— Provided material —
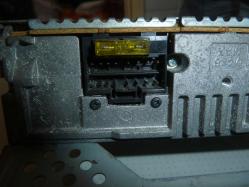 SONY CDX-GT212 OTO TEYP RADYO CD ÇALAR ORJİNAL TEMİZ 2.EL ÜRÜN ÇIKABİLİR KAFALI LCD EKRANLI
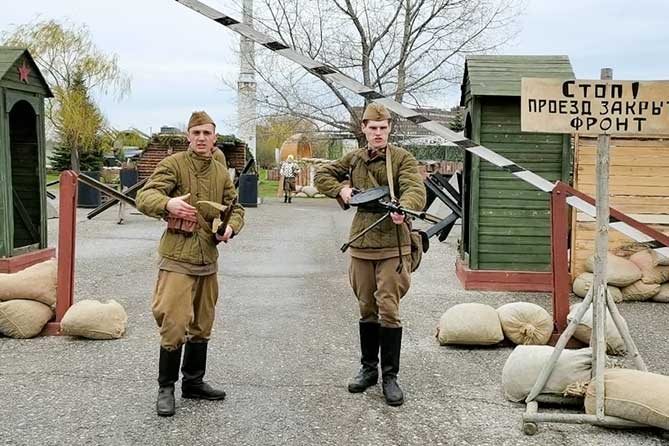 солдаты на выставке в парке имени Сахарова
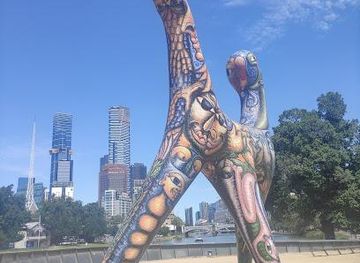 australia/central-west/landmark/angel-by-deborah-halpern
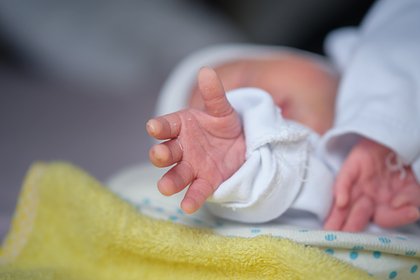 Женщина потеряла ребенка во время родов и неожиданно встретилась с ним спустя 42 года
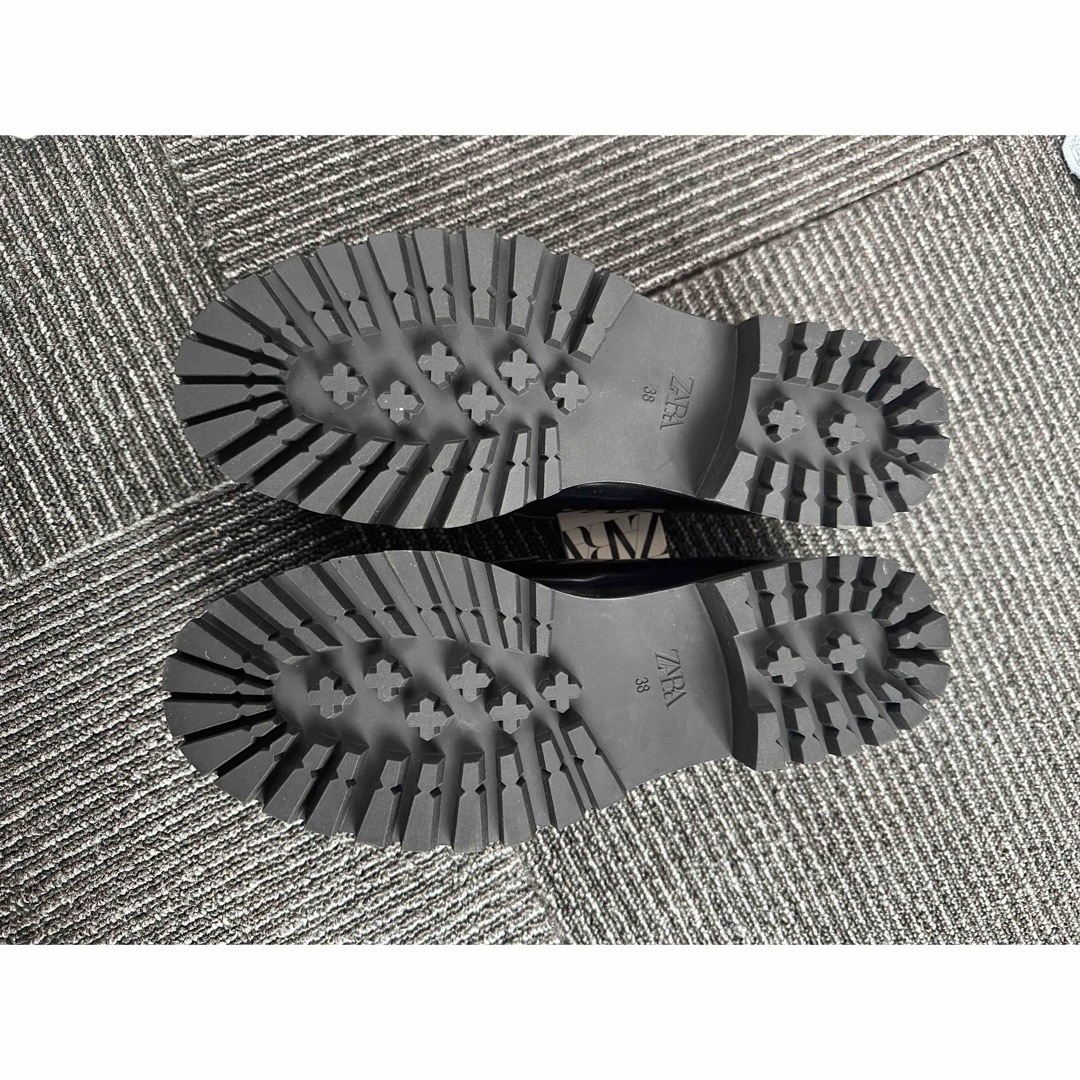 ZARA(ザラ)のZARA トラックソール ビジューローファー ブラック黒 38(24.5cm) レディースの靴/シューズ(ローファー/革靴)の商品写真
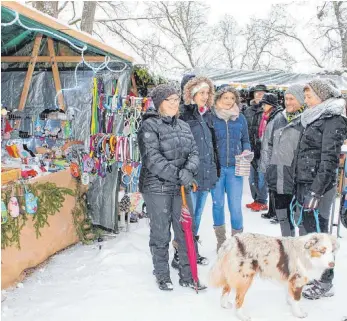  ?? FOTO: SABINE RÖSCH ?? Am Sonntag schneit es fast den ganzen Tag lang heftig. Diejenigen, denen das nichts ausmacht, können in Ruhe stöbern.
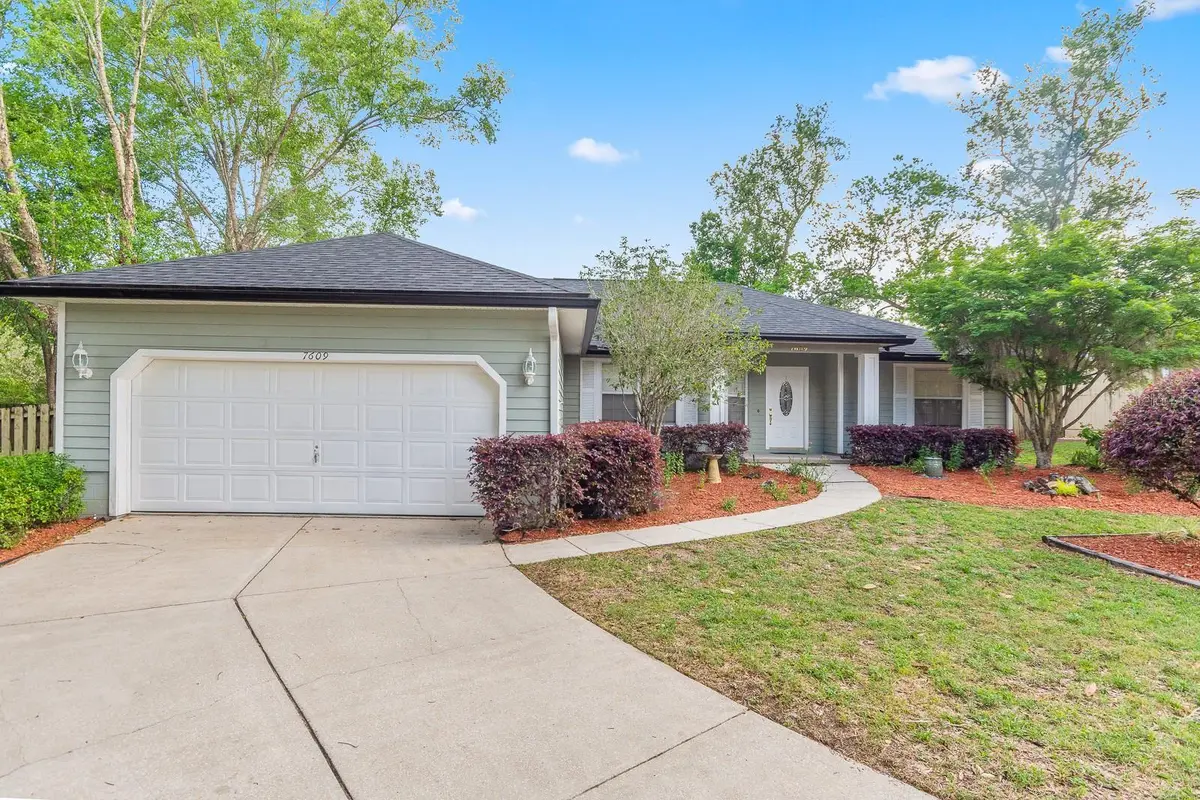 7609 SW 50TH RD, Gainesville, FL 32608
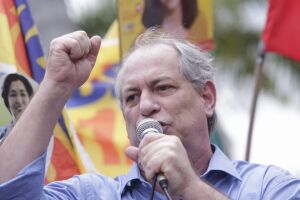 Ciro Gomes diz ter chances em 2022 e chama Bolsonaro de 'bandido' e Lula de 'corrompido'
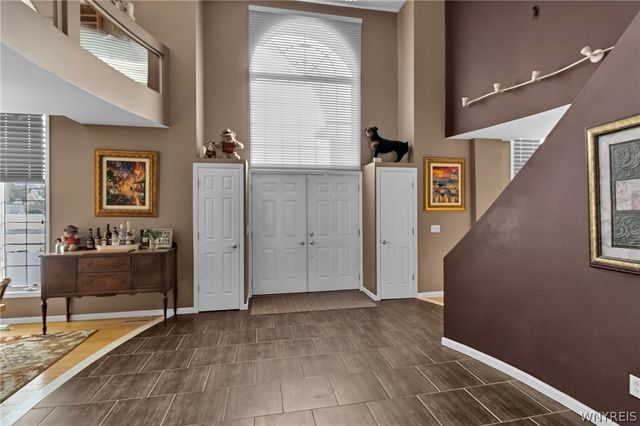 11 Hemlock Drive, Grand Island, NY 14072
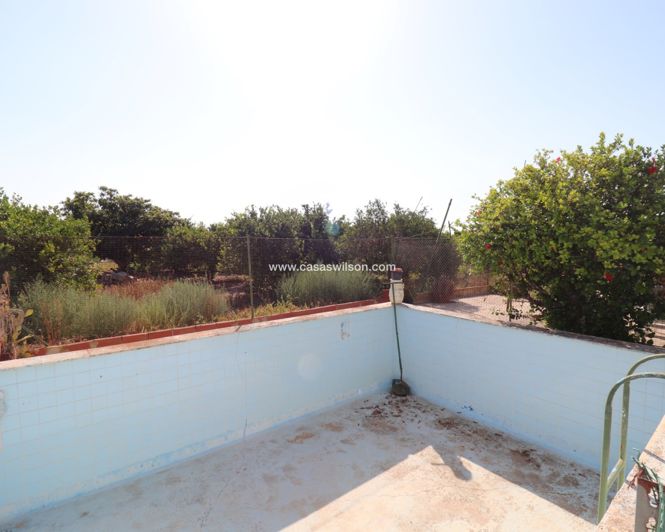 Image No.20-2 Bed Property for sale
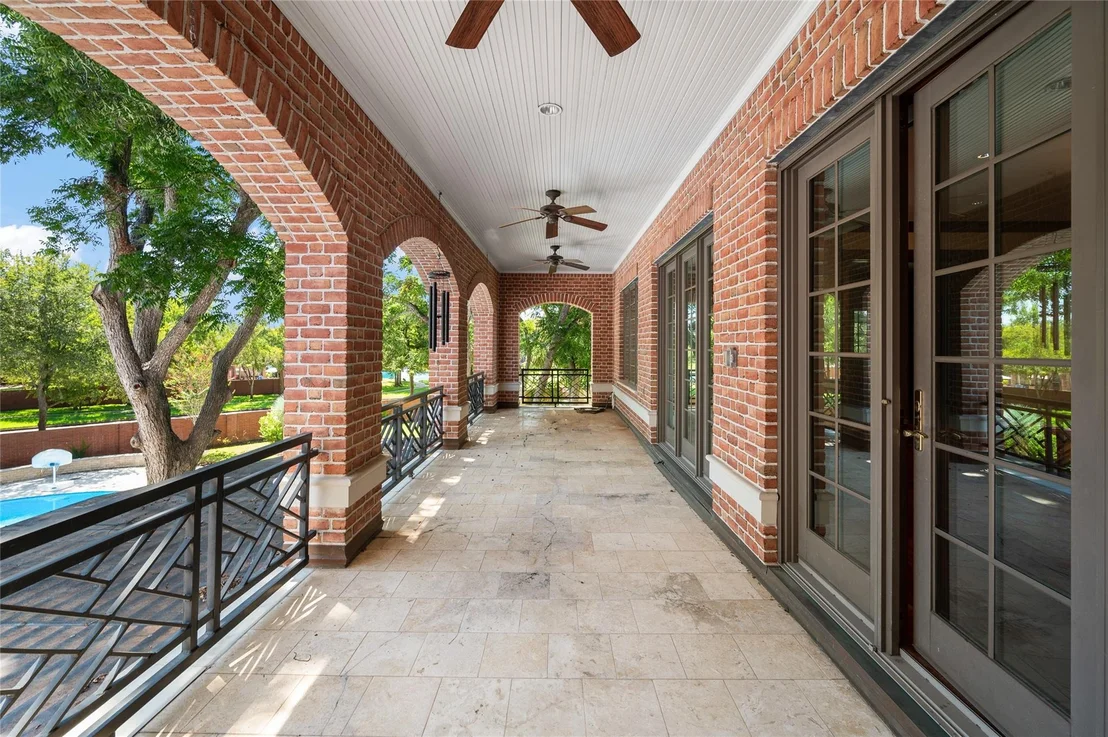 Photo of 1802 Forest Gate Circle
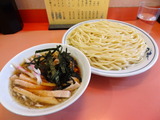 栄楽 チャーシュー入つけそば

— The task —
Would you print the whole listing exactly, omitting the pictures?

— Answer box —
 SONY CDX-GT212 OTO TEYP RADYO CD ÇALAR ORJİNAL TEMİZ 2.EL ÜRÜN ÇIKABİLİR KAFALI LCD EKRANLI
 солдаты на выставке в парке имени Сахарова
 australia/central-west/landmark/angel-by-deborah-halpern
 Женщина потеряла ребенка во время родов и неожиданно встретилась с ним спустя 42 года
 ZARA(ザラ)のZARA トラックソール ビジューローファー ブラック黒 38(24.5cm) レディースの靴/シューズ(ローファー/革靴)の商品写真
  ?? FOTO: SABINE RÖSCH ?? Am Sonntag schneit es fast den ganzen Tag lang heftig. Diejenigen, denen das nichts ausmacht, können in Ruhe stöbern.
 7609 SW 50TH RD, Gainesville, FL 32608
 Ciro Gomes diz ter chances em 2022 e chama Bolsonaro de 'bandido' e Lula de 'corrompido'
 11 Hemlock Drive, Grand Island, NY 14072
 Image No.20-2 Bed Property for sale
 Photo of 1802 Forest Gate Circle
 栄楽 チャーシュー入つけそば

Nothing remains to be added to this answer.